Professor Emeritus Lawrence M. Aleamoni is a psychometrician.  I am not exactly sure what that means, but I assure you that it does not mean “tax expert.”  Actually, it seems that one may not have to have taken a single accounting course to be a psychometrician.

Professor Aleamoni many years ago established a corporation in which to operate his “outside” consulting and work activities.  In the years before the Tax Court – 2010, 2011, and 2012 – the corporation was taxed as a C corporation.  Professor Aleamoni and his wife owned 50% of the corporation and his children owned the other 50%.  So far, so good.
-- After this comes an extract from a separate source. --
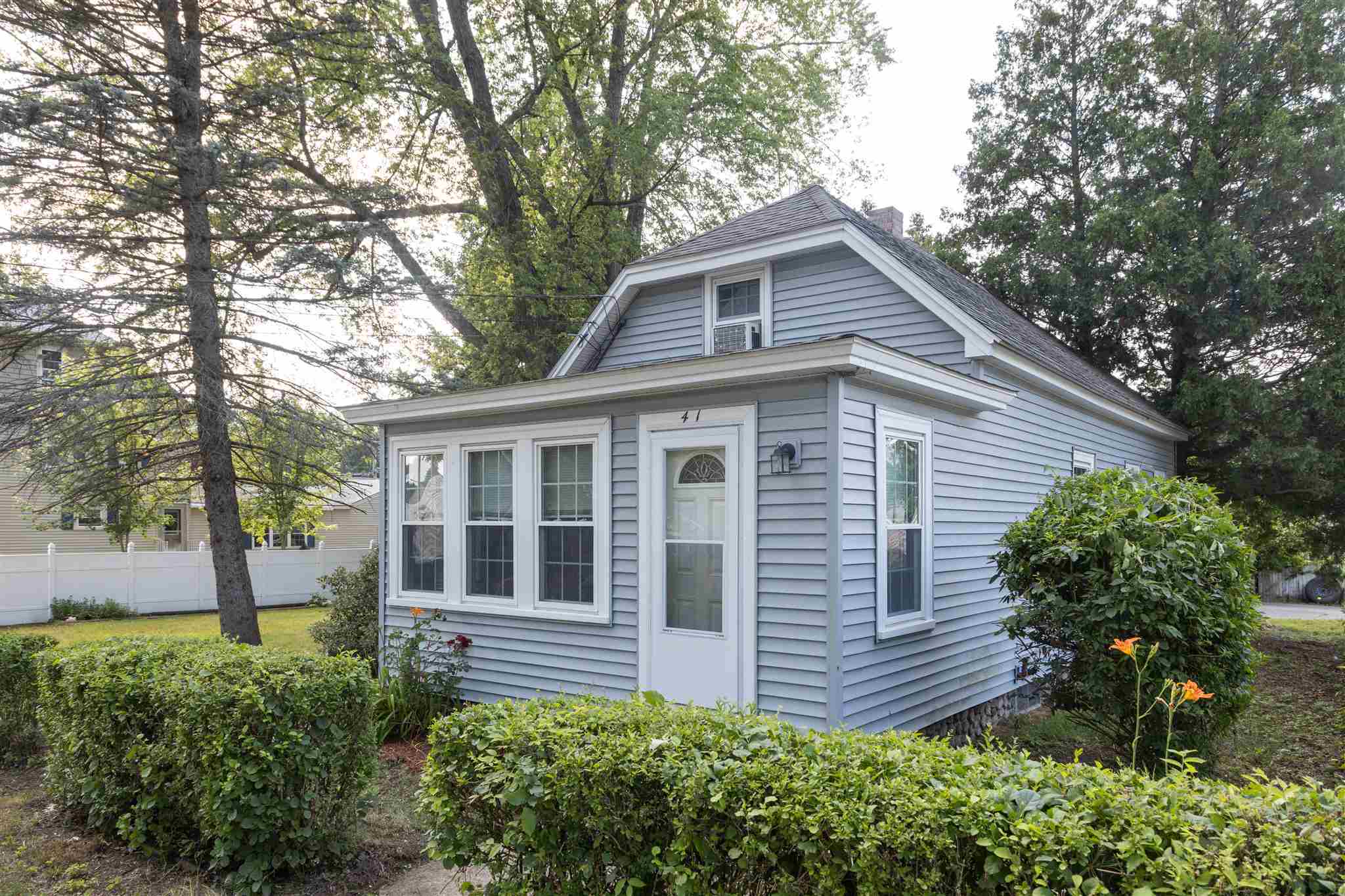 Property Photo: 41 Dixwell Street NH 03103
In the years in question, Professor Aleamoni made loans to the corporation.  In each of those years, the corporation duly recorded the loans as shareholder loans (liabilities) on its balance sheet in its tax return.  In each of those years, the corporation reported gross income and deductions that yielded “negative taxable income,” or what we accounting cognoscenti call a “loss.”  One could logically conclude that the losses were funded by the shareholder loans.  Nothing’s wrong with this.

At the same time that the loans were being recorded by the corporation as being a liability to the shareholder, such shareholder was not recording the loans as assets on his books.  Professor Aleamoni was reporting the advances as deductions on Schedule C of his tax return, entitling them “Personal Loan to Business.”  So, Professor Aleamoni was deducting the payments that he was making to his corporation that was not reporting such payments as income and was apparently using that money to pay for deductions that caused the losses for the corporation.  Oops, on so many fronts.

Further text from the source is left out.